Lesbian Dad

It’s the 2009 LD Reader Survey!

readersurvey2

It’s the 2009 LD Reader Survey, now with added SWAG RAFFLE OPTION!

Spend five minutes telling me a little about yourself and more about what you think about this here blog, then give me your email address at the end of it (it’s disaggregated from your survey responses; not to worry), and I’ll pick an email address randomly out of a hat on National Coming Out Day (October 11, 2010)!  You — yes, YOU! — may win THE LD SWAG ITEM OF YOUR CHOOSING! Meaning any t-shirt, coffee cup, tote bag, or whatever you want, sent to your home, once you give me your address. Hell, if there’s a caption you WANT on any of the above, I’ll do it up in the inimitable LD font and slap it on a Cafe Press item, special for you.

Last year I conducted a survey around the blog’s anniversary, and learned a TON.  More folks check in here simply for the photography than I had imagined. What with me being a spirited amateur and all. Many were totally fine with the chef’s surprise variety of content. Those that don’t come for the newsy updates just overlook that stuff and come back again for the essays. Most of you resemble me a great deal: white, lesbian, fairly educated. Parked, for better and for worse, in the U.S.A. But a lot more than I would have expected (yay!) differ from me, too. Every single moment of communication across some element of difference is of great value to me, and I was especially appreciative to learn what got you Other folks to start and continue reading this blog.

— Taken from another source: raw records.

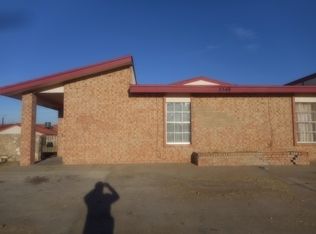 3548 E Glen Dr #A, El Paso, TX 79936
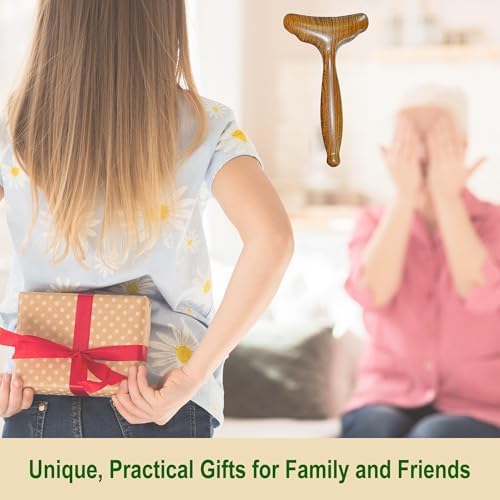 Masajeador de Drenaje Linfático de Madera, Herramientas de Masaje, Paddle Gua Sha para Cuerpo. Herramienta de Drenaje Linfático para Maderoterapia - imagen 8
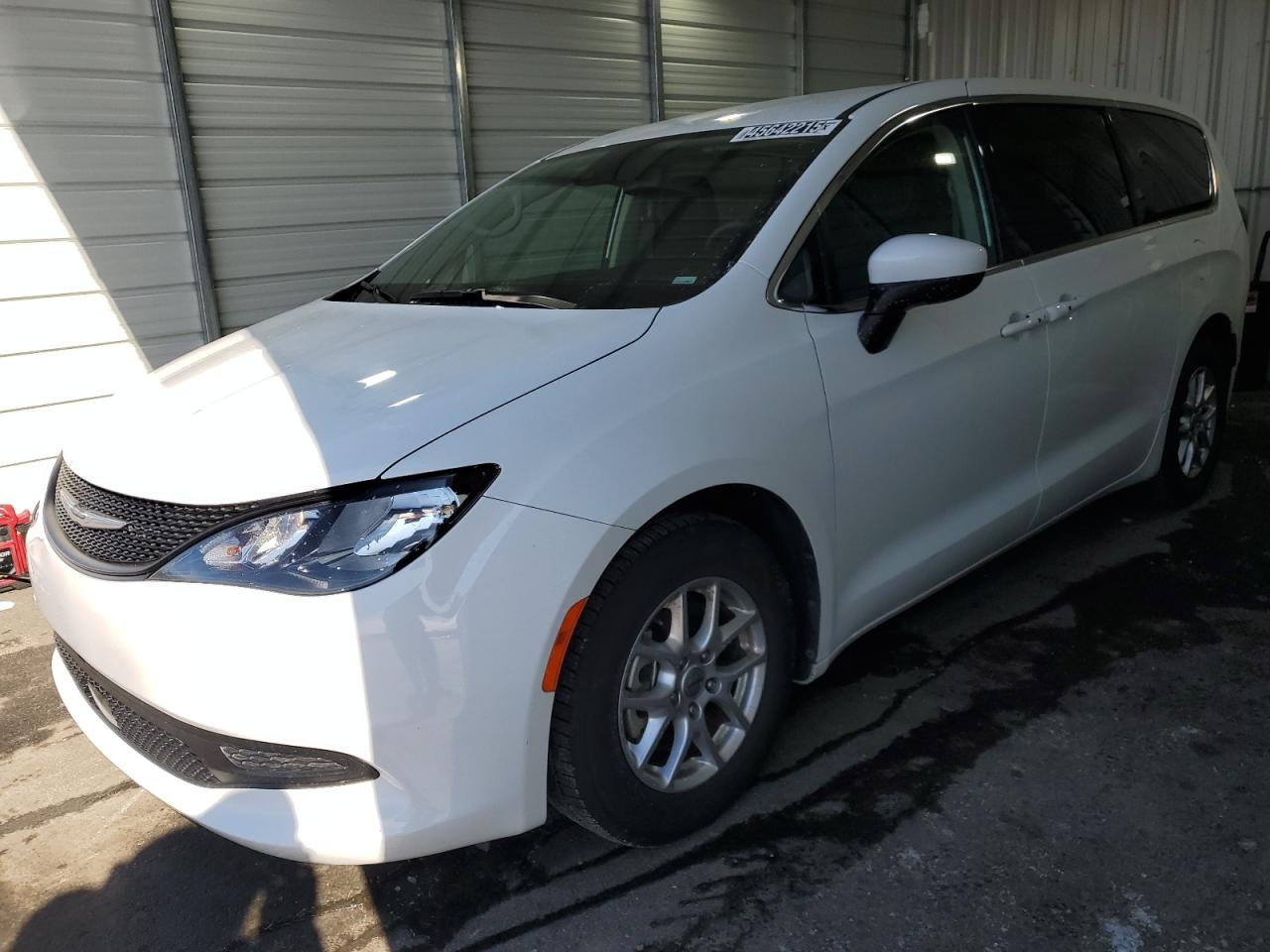 2C4RC1CG1PR534833 CHRYSLER VOYAGER LX 2023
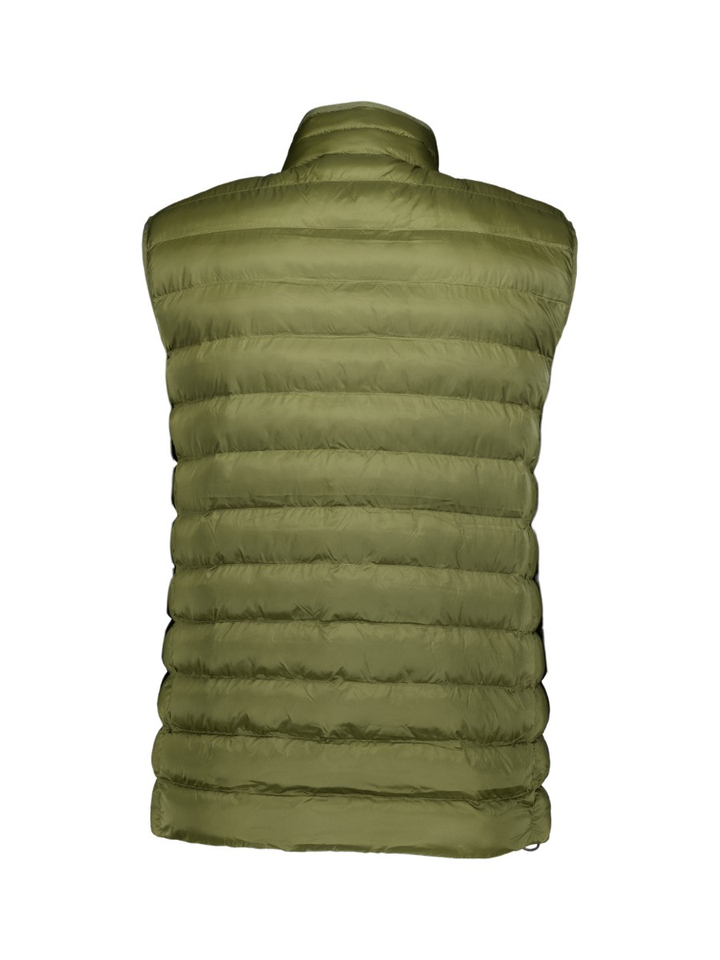 Donkergroene bodywarmer Tommy Hilfiger 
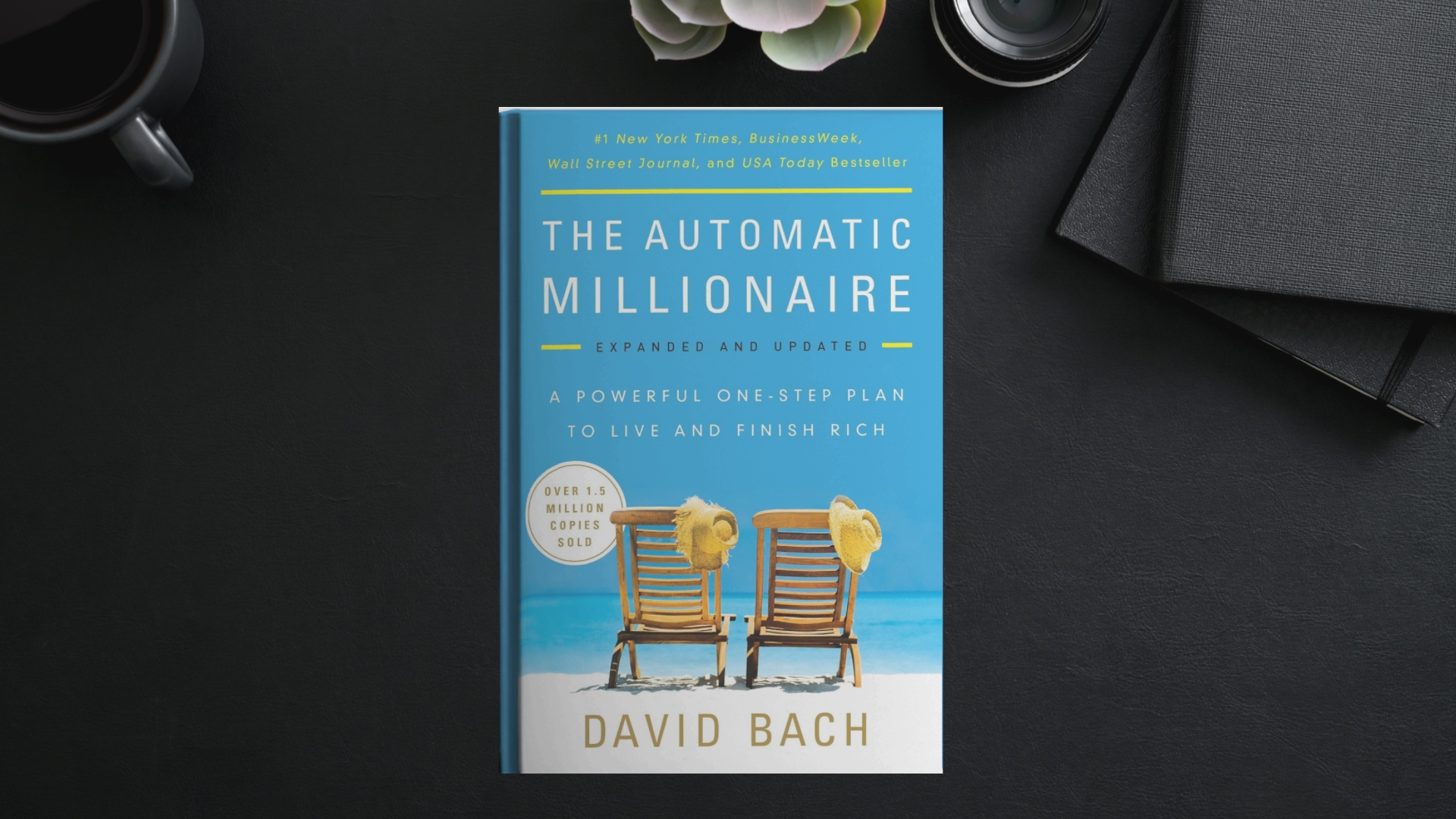 the automatic millionaire book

I almost titled this post “Lurker’s Deelite,” since that’s another one of the things I got from last year’s survey. Oodles of you read, but are not chatting, for any one of a host of good reasons. Don’t have the time. Don’t have the inclination. So hate the whole WordPress registration rigamarole that it’s enough to keep you just reading in the old-fashioned, non-dialogy kind of way. Would chat, but are shy (! yes! some folks are shy!). Would comment, but want to say things that just don’t feel suited to the fairly public space of a blog comment. And so on. What you had to say was of great value, too, since otherwise I’d have NO IDEA WHAT YOU THOUGHT OF ALL THIS.

I heard from around 200 readers which, evidently in survey terms, was a great turnout. Even if it was an infinitessimal-to-negligible percentage of total readers in any given month. (Current numbers hover at around 7,000- some-odd “unique” visitors a month, who stop in at a rate of around 1-2,000 a day.) I would love it if as many of you filled this survey out this year, and am enticing you to do it with the whopping LD Swag Raffle option you’ll find at the end.

This year’s survey is much like the previous one, with a specific question addressing my existential malaise about the blog’s direction, post-Prop 8.

Existential malaise, in five paragraphs:

1. LGBT families’ rights and recognitions have been squarely in the center of political crosshairs since before the California Supreme Court declared Prop 22 unconstitutional, recognized same-sex marriage as constitutional, and set off the nasty, months-long, multi-million-dollar brawl that was the Prop 8 fight. But it got palpably hairier from then on, I’ll say.  What we stand to gain is greater, but as many, many will say, so long as these battles are currently waged on the front burner, as it were, it’s very hard on our families.  Which is to say, homophobia is on the rise in schools, our kids feel the fallout of the hate- and lie-filled anti-gay marriage rhetoric. (Here’s the Marriage Equality USA report, “Prop 8 Hurt My Family: Ask Me How.”)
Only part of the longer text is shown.